I think the idea of two homes, the larger one being easy for all the family to reach, sounds excellent. We moved away from our DC 15 years ago but have recently moved back to be near our youngest DD who has adopted two children. It was the right decision, though we have downsized significantly. We also have a larger terraced house by the sea which all the family can use.
It's made a huge difference to me to be near my DD and my GC.

fluttERBY123 Tue 06-Jul-21 13:05:18

Thinking very long term, it's good to have family nearby when you eventually get really doddery and by then difficult to make major moves. It seems clear to me the answer is to move back near DD. Hands on with the grandparenting and help for yourself later on. Son loses out. You could, if affordable, have a big annual family get-together in the hot country. Winter sun break for husband. I know a lot depends on finances, also your current age.

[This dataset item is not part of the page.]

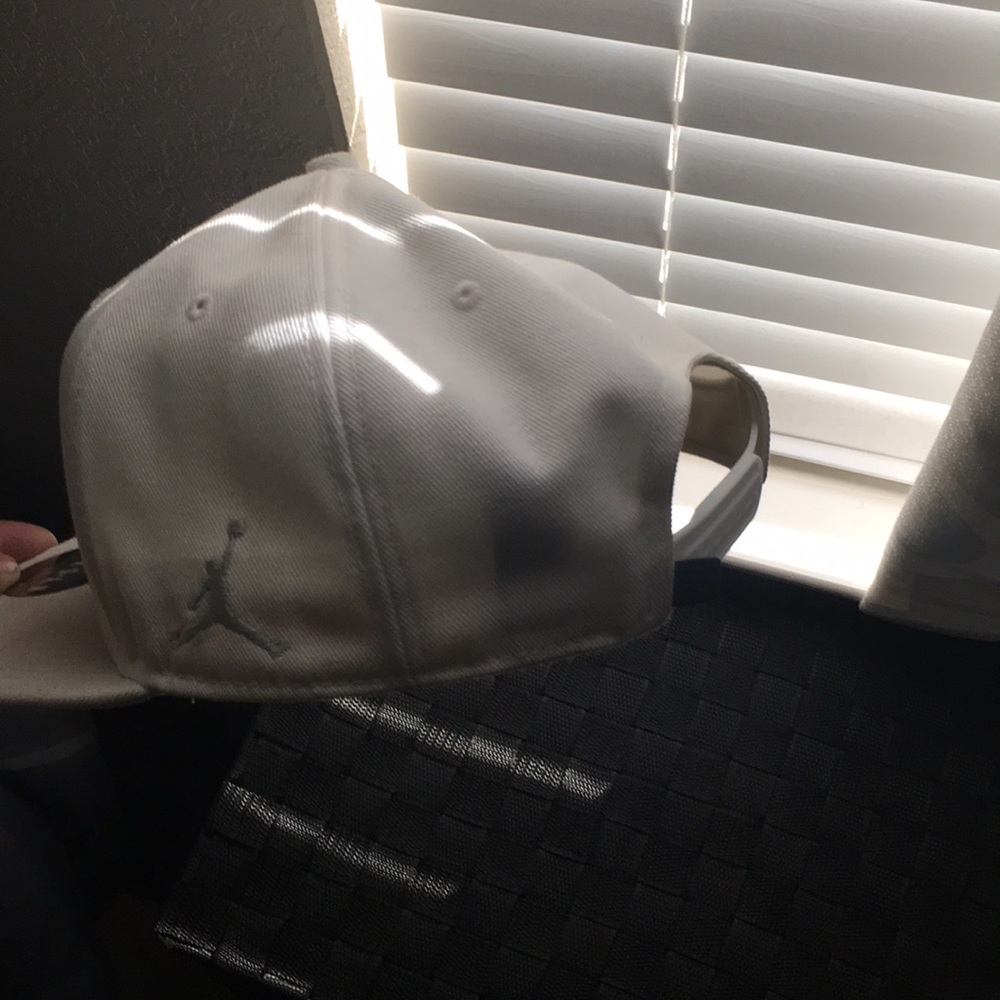 Jordan hat - Picture 2 of 2
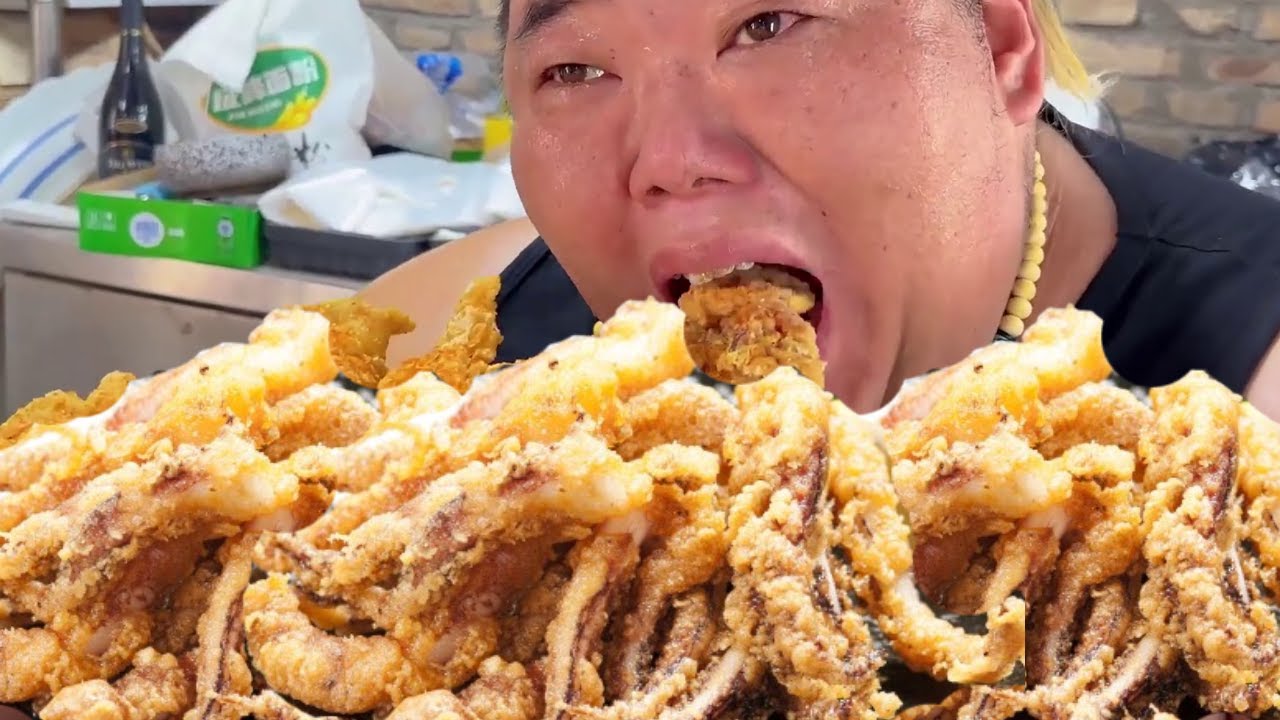 香到跺脚！猴哥做巨型轰炸大鱿鱼，比脸还大炸得金黄，酥脆喷香超解馋！【胖猴仔】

Hithere Tue 06-Jul-21 12:57:14

Furthermore, how would you handle managing a medical condition, especially serious, in a country whose language you do not master?

Please dont think i am trying to discourage you.
We are placing very common life situations

crazygranny Tue 06-Jul-21 12:47:57

Don't forget that your health may not always be as good as it is now. We are no longer part of the EU so long-term health problems could be a very very expensive problem.